▸ **Record excerpts**
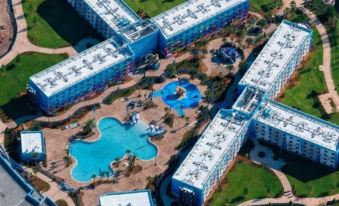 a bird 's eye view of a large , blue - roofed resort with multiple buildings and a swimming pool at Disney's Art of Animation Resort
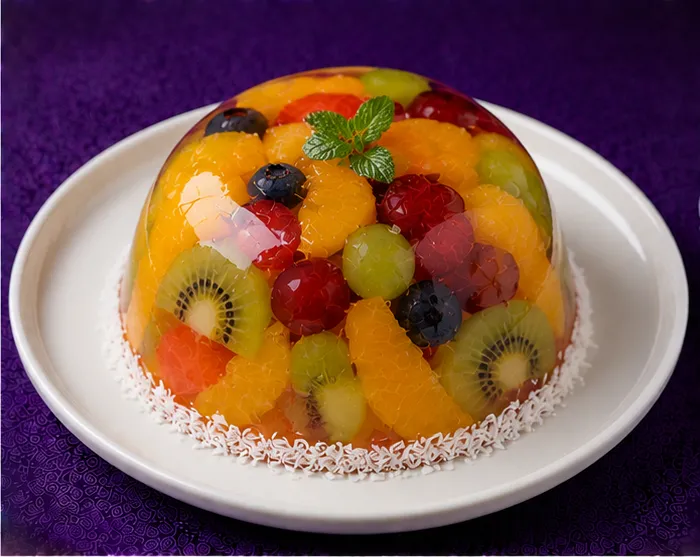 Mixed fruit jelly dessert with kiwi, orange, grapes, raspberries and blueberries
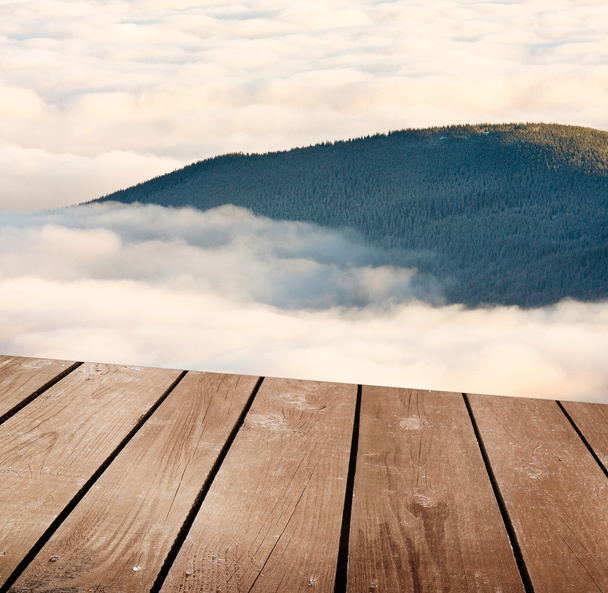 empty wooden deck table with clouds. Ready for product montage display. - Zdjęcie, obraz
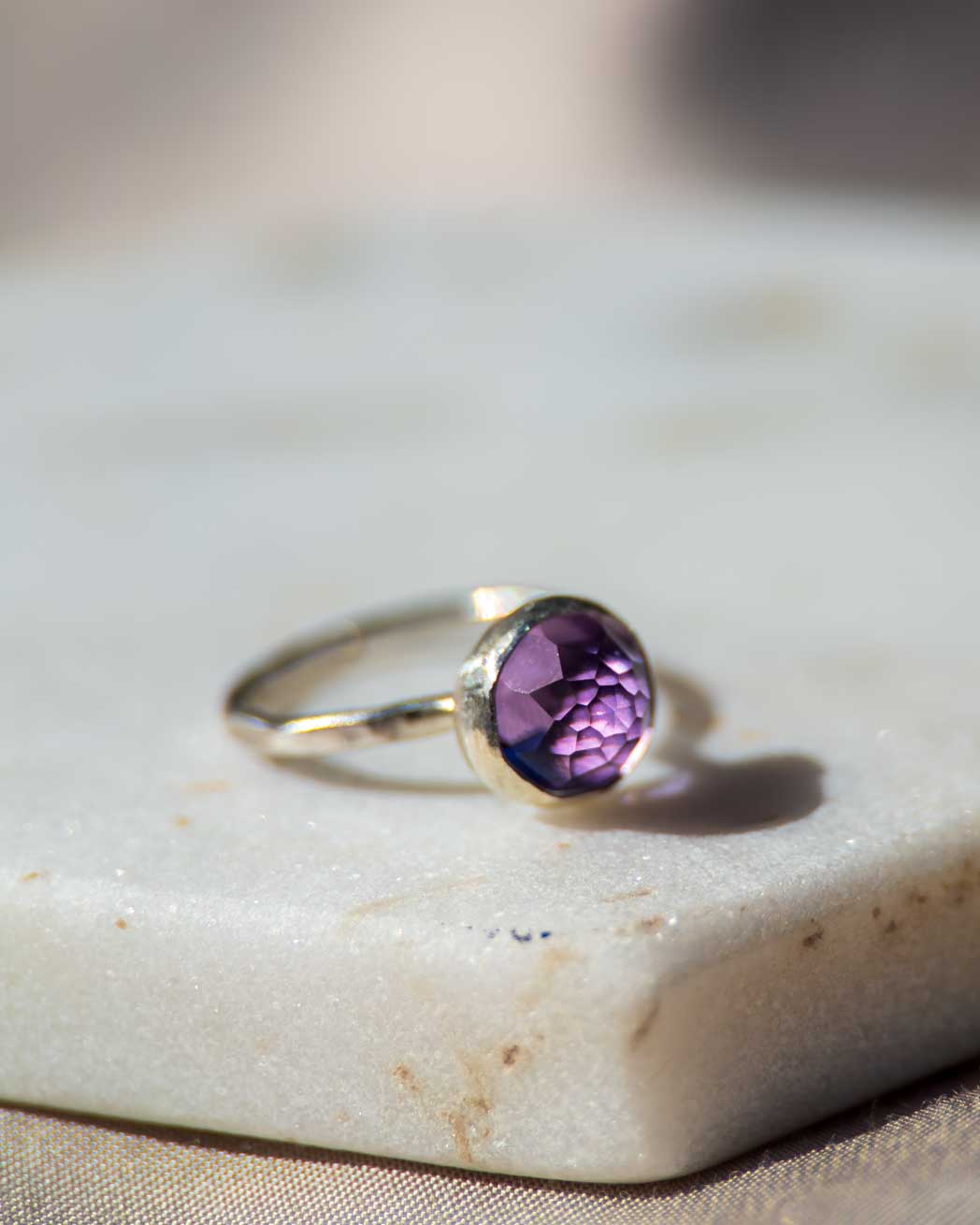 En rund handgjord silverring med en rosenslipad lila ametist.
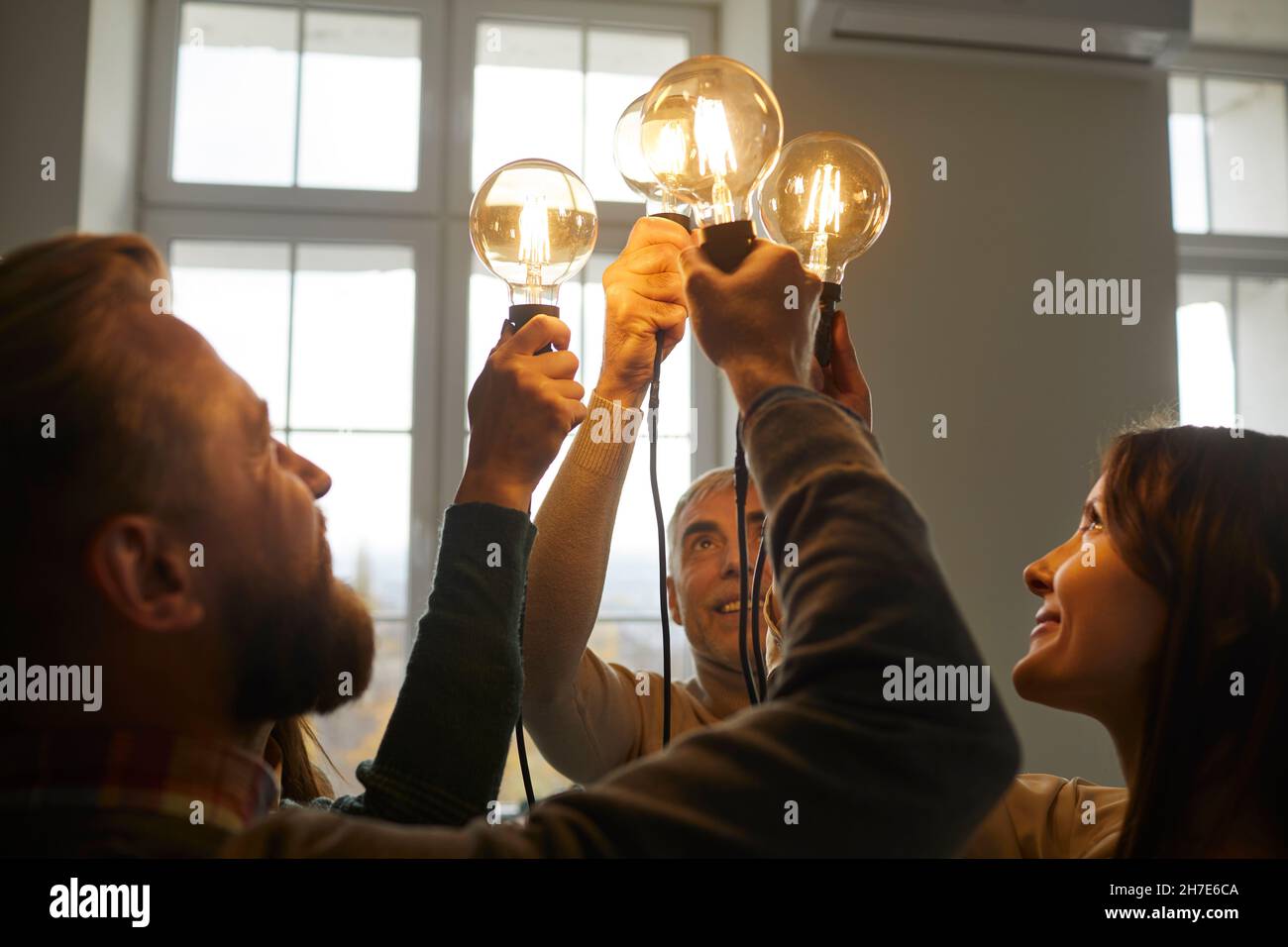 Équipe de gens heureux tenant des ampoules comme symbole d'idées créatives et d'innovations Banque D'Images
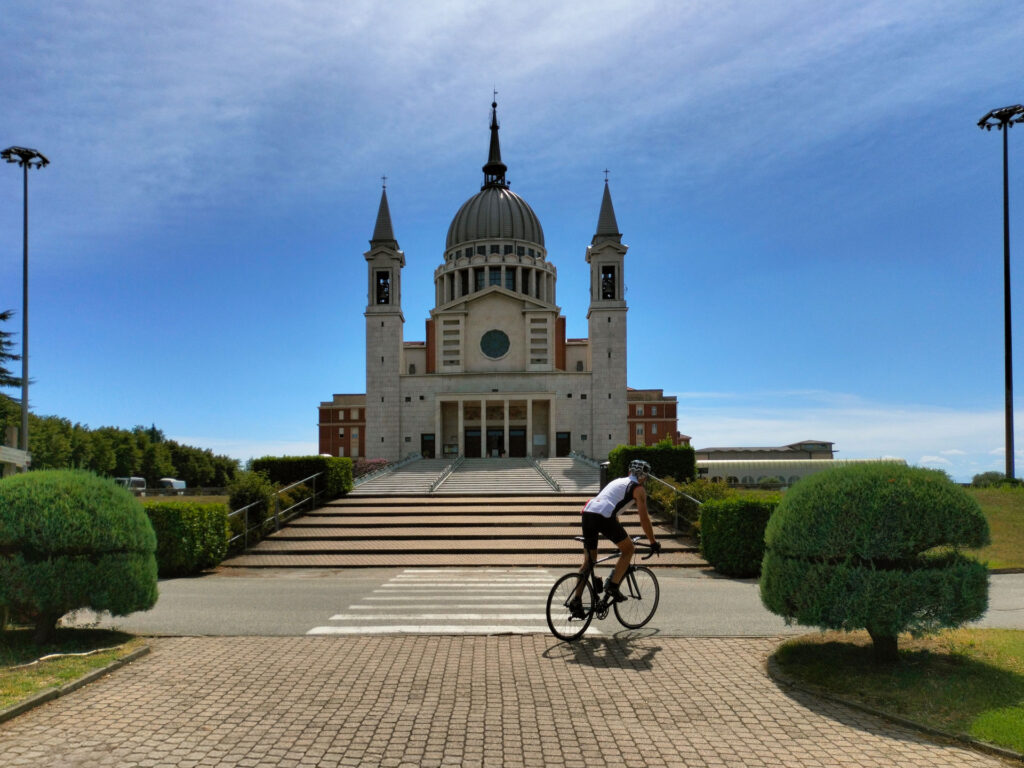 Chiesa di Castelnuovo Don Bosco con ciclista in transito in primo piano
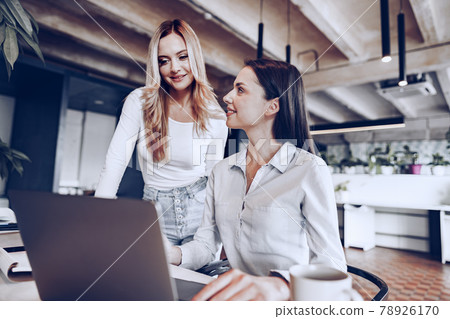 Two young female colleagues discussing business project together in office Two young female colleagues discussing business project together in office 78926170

▸ **Task to complete**
Your copy should run from the line that has "Équipe de gens" through the last line above, exactly, with both ends in and pictures out.

▸ **Output of the task**
 Équipe de gens heureux tenant des ampoules comme symbole d'idées créatives et d'innovations Banque D'Images
 Chiesa di Castelnuovo Don Bosco con ciclista in transito in primo piano
 Two young female colleagues discussing business project together in office Two young female colleagues discussing business project together in office 78926170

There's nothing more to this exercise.